Sunday, 21 March 2010

The Repping Book

Summersdale sadly didn’t get the award for Trade Publisher of the Year last night at the IPG bash in Windsor, but awards season is now in full swing so we have one or two other chances coming up. If you’re interested, the award went to Blake Publishing. They thoroughly deserve it, if only for being the first publisher to recognise Jordan for the literary genius that she turned out to be.

I didn’t let the disappointment get to me. The rewrites in my novel are at such a fun stage that I was up and writing at 7am on this Sunday morning, and I made great progress after practical research yesterday got in the way of computer time. The new scenes with Ratty investigating the Arundel tomb are going well, and I wrote a few hundred new words this morning as well as editing a few thousand of the existing text. Good progress overall.

When I started writing this novel I didn’t have a laptop. I think I may still have owned a typewriter. But the book was started with a red biro: I still have the original notebook in which I wrote 45 longhand pages having first come up with the idea for The Sphinx Scrolls. On the front cover of the notebook I had scribbled ‘The Repping Book’ because I was initially using it to plan my sales trips to UK bookshops. The first pages contain lists of bookshops within an area, and I ticked them off as I visited them.

Also in there are occasional ideas for books (such as Classic Shakespeare Poems – which we never published in the end), the guitar chords for the Oasis song Wonderwall (which I had worked out for myself one evening), and the phone numbers of various television researchers that I needed to call back to arrange appearances on their shows to promote my latest books. The shows included the dubiously titled The Erogenous Zone, the more familiar This Morning with Richard and Judy, and The Morning Show on the now defunct channel Live TV.

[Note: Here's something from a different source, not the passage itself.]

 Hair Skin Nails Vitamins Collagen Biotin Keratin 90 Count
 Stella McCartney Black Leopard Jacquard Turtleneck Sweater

It was quite common for me to have to rearrange my bookshop schedule in order to fit in a television appearance at short notice. It probably raised a few eyebrows when the producers of these shows saw me turn up in my delivery van. I once had a sales meeting with a bookshop manager the morning after appearing on a television show. I pretended not to be the author of the book I was trying to sell to this manager, but I explained about the television publicity the book had received. His response was, ‘I saw the author on telly last night. Thought he was a right arse.’ I pretended to agree with him and took his order. I got used to that kind of thing.

Anyway, back to the notebook. It’s about halfway into it that there’s a particularly scruffy entry, outlining in red ink the premise for what would become The Sphinx Scrolls. I was obviously pretty excited about it, possibly quite drunk (I was on holiday with friends in the south of France at the time), and it’s clear that I wrote the ideas down in a hurry so that I wouldn’t forget them. The next two pages were written the following morning once I had sobered up, and they went into more detail about the plot. Then the novel itself begins. From those two pages of plot notes I was able to generate five chapters. Much of it has since been edited from the text because it was just a rough first draft, but it’s normal for most of my first drafts to be on the shaky side. We can’t all be blessed with Katie Price’s natural talent for penmanship, after all.